BRIEF DESCRIPTION OF DRAWINGS

FIG. 1 is a cross-sectional view schematically showing a configuration of the circuit board in accordance with Embodiment 1.

FIG. 2 is a cross-sectional view schematically showing a configuration of the circuit board in accordance with Embodiment 2.

FIG. 3 is a cross-sectional view schematically showing a configuration of the circuit board in accordance with Comparative Embodiments 1 and 2.
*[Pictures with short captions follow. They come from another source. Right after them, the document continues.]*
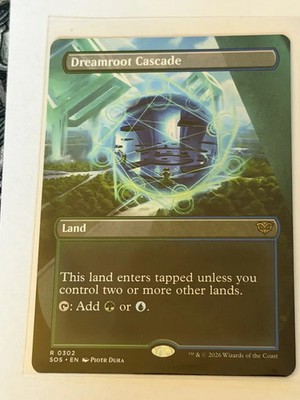 Dreamroot Cascade Borderless Secrets of Strixhaven 302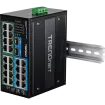 TRENDNET - TI-PG262 - 26-Port Hardened Industrial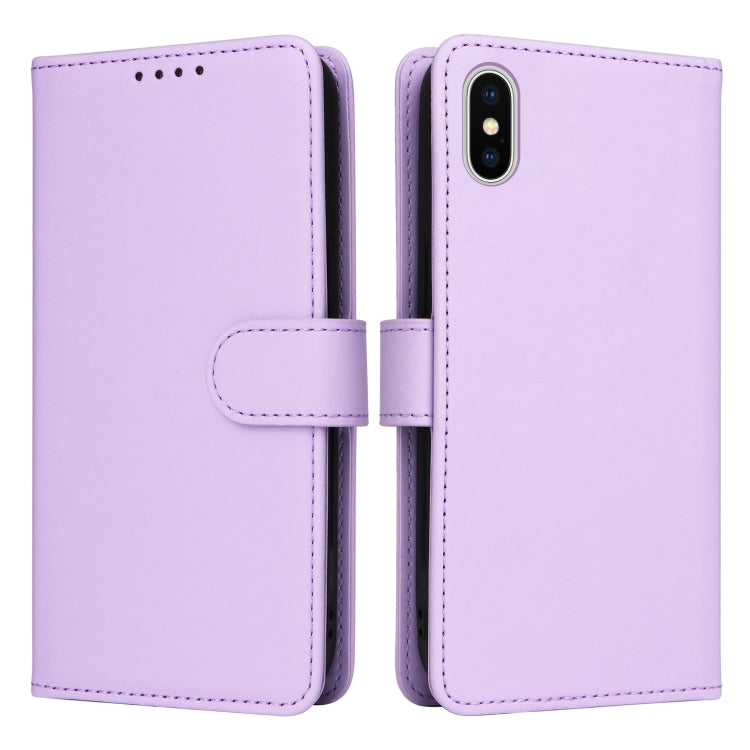 BETOPNICE BN-005 2 in 1 Detachable Imitate Genuine Leather Phone Case, For iPhone 11, For iPhone 11 Pro, For iPhone X / XS, For iPhone XR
EXPLANATION OF NUMERALS AND SYMBOLS

• 10: Substrate
• 11: Base coat film
• 12a, 12b, 12d: First insulating film
• 13a, 13b, 13d, 13e: Semiconductor layer
• 13c, 13f: Storage capacitor upper electrode
• 14, 14d: Second insulating layer
• 15, 15d: Cap layer
• 16, 16d: First interlayer film
• 17, 17d: Second interlayer film
• 18, 18d: Source and drain electrodes

19a, 19e: Second gate electrode

19b, 19d: First gate electrode

19c, 19f: Storage capacitor lower electrode

20: Third gate electrode

21, 21d: Low-concentration dopant region

Claims

1. A circuit board comprising a bottom gate thin film transistor and a first top gate thin film transistor on a substrate,

the bottom gate thin film transistor including a first gate electrode, a first gate insulating film, and a first semiconductor layer, stacked in this order from a side of the substrate,

the first top gate thin film transistor including a second semiconductor layer, a second gate insulating film, and a second gate electrode, stacked in this order from the side of the substrate,

wherein two or more insulating films are arranged between the substrate and the second semiconductor layer, and

at least a base coat film arranged between the substrate and the first gate electrode, and the first gate insulating film constitute the two or more insulating films.
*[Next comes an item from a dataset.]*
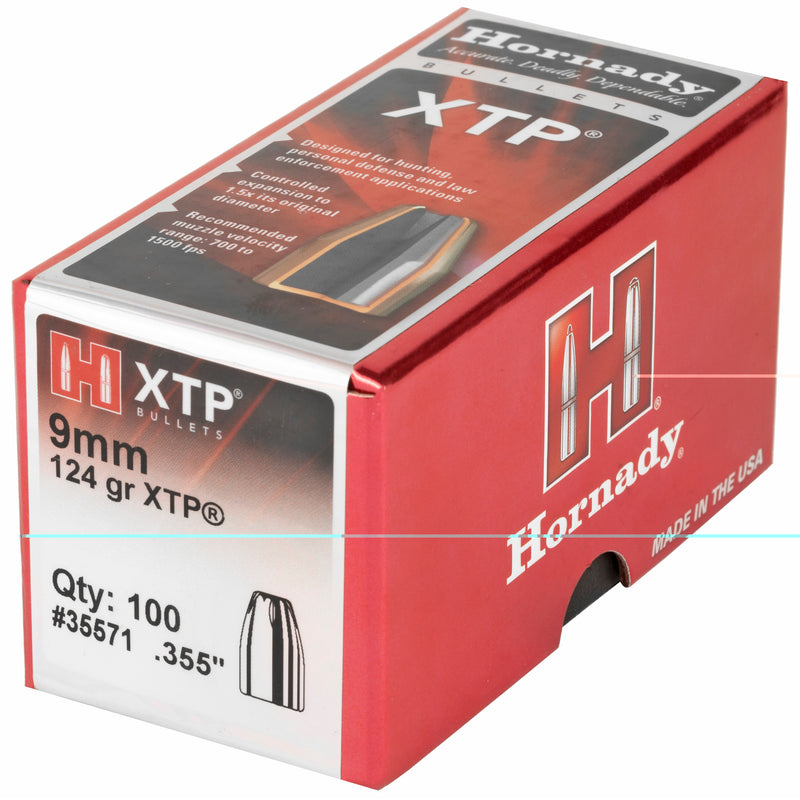 Xtp 9Mm .355 124Gr 100Ct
2. The circuit board according to claim 1,

wherein the first gate insulating film and the second gate insulating film are different in thickness.

3. The circuit board according to claim 2,

wherein the first gate insulating film has a thickness larger than a thickness of the second gate insulating film.
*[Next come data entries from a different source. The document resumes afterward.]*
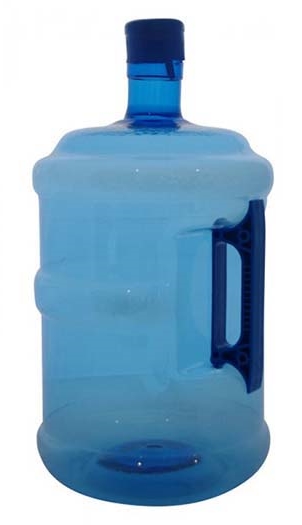 PET BOTTLE+HANDLE 20LT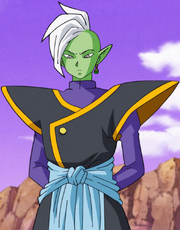Zamas green potara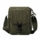 2E Tactical shoulder bag, magnet lock, 5 compart, green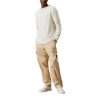 Beige Cotton Jeans & Pant - Image 3
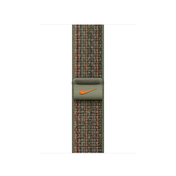 41mm Sequoia/Orange Nike Sport Loop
4. The circuit board according to claim 1,

wherein the base coat film contains silicon nitride.

5. The circuit board according to claim 1,

wherein the first gate insulating film contains silicon oxide.

6. The circuit board according to claim 1,

wherein the circuit board further comprises a double gate thin film transistor,

the double gate thin film transistor is composed of the bottom gate thin film transistor and a second top gate thin film transistor formed in a region overlapping with the bottom gate thin film transistor.

7. A display device comprising the circuit board according to claim 1.